EXERCISE:
What is needed is an exact repetition of the lines below, from the first one through the one holding "ミニトグルスイッチ 2-ON 6pin", with no pictures and nothing else.

___ DATA PROVIDED ___

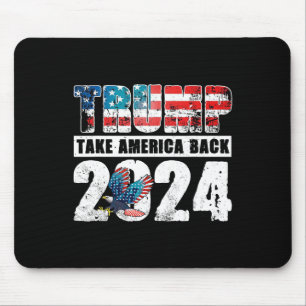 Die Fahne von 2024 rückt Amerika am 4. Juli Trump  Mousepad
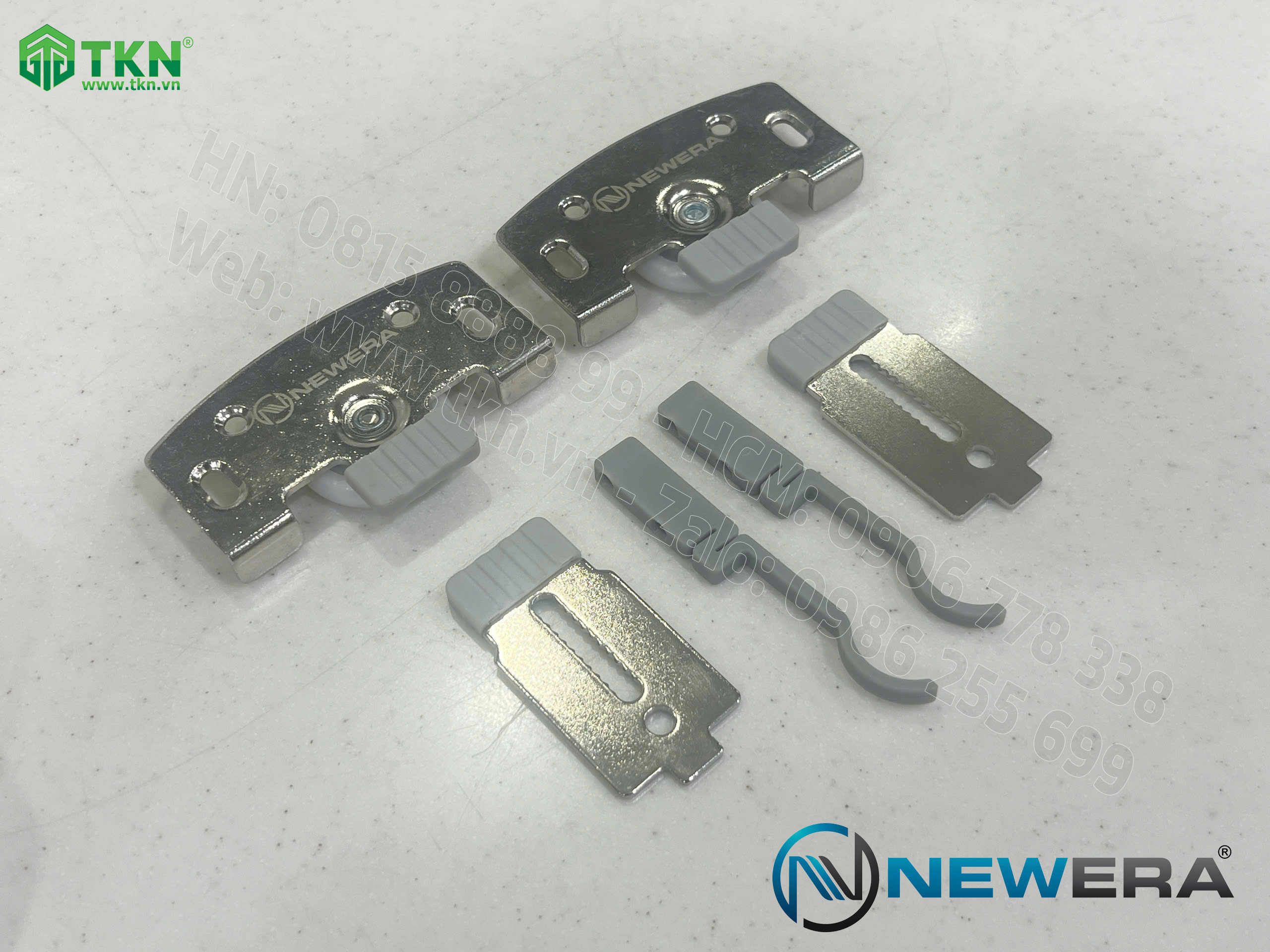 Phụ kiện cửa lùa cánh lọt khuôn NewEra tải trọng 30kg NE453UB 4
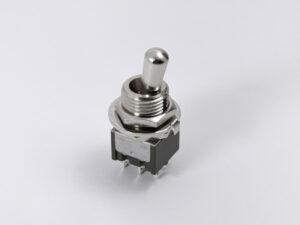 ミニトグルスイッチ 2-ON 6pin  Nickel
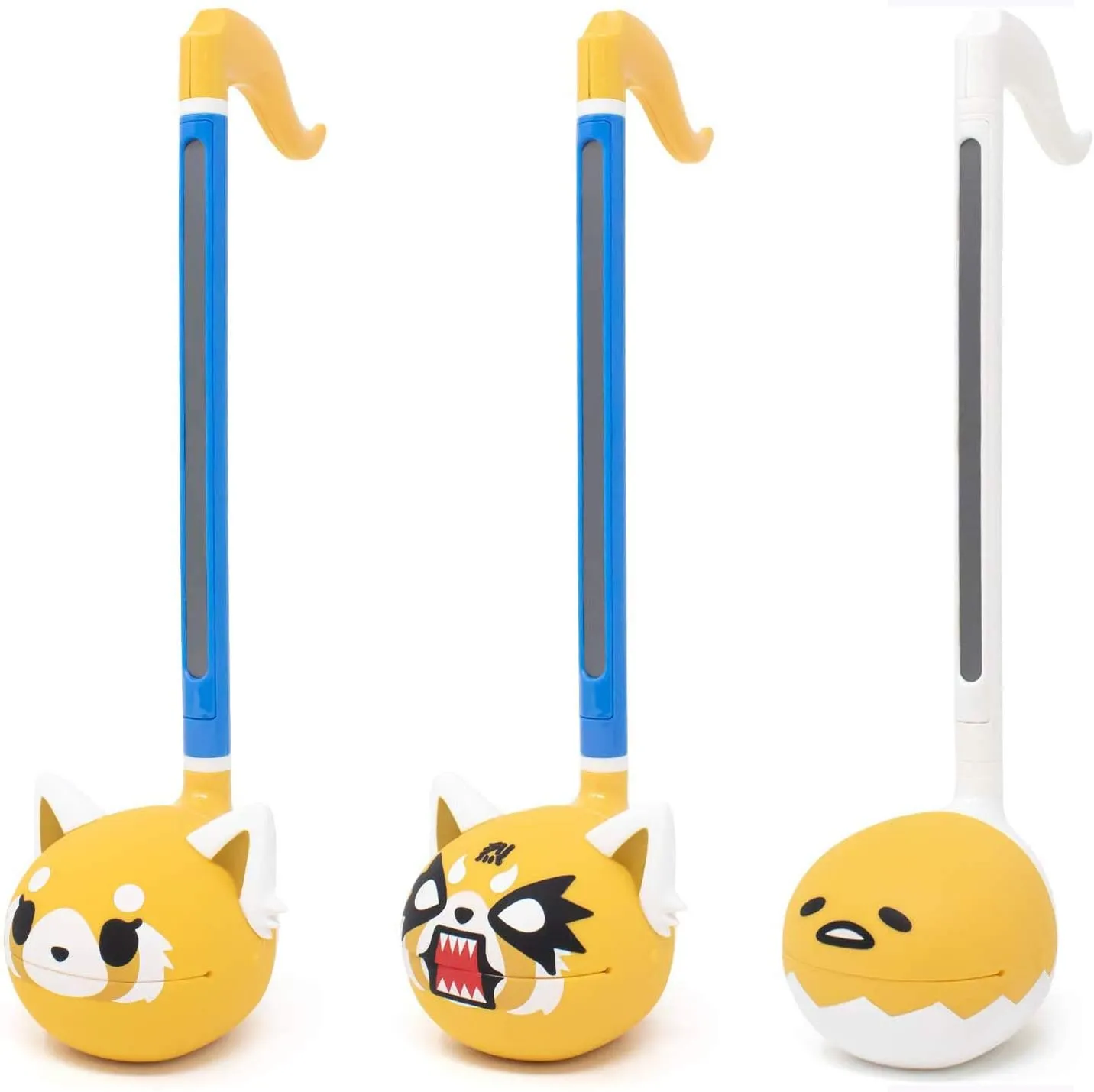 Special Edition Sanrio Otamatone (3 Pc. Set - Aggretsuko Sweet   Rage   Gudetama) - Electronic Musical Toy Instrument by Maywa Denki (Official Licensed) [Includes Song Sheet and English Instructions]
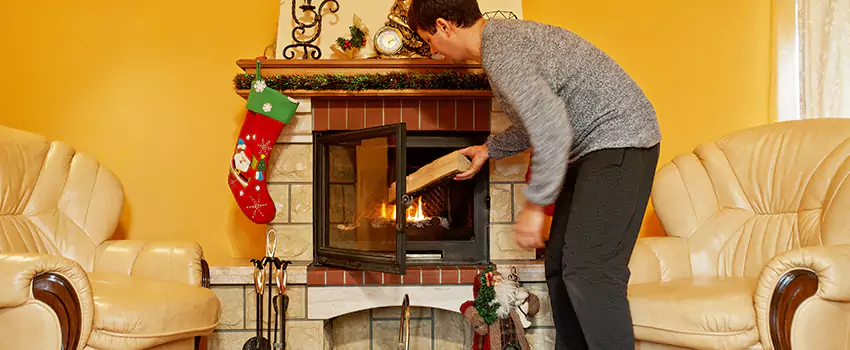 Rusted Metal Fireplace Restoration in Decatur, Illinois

___

WRITTEN ANSWER:
 Die Fahne von 2024 rückt Amerika am 4. Juli Trump  Mousepad
 Phụ kiện cửa lùa cánh lọt khuôn NewEra tải trọng 30kg NE453UB 4
 ミニトグルスイッチ 2-ON 6pin  Nickel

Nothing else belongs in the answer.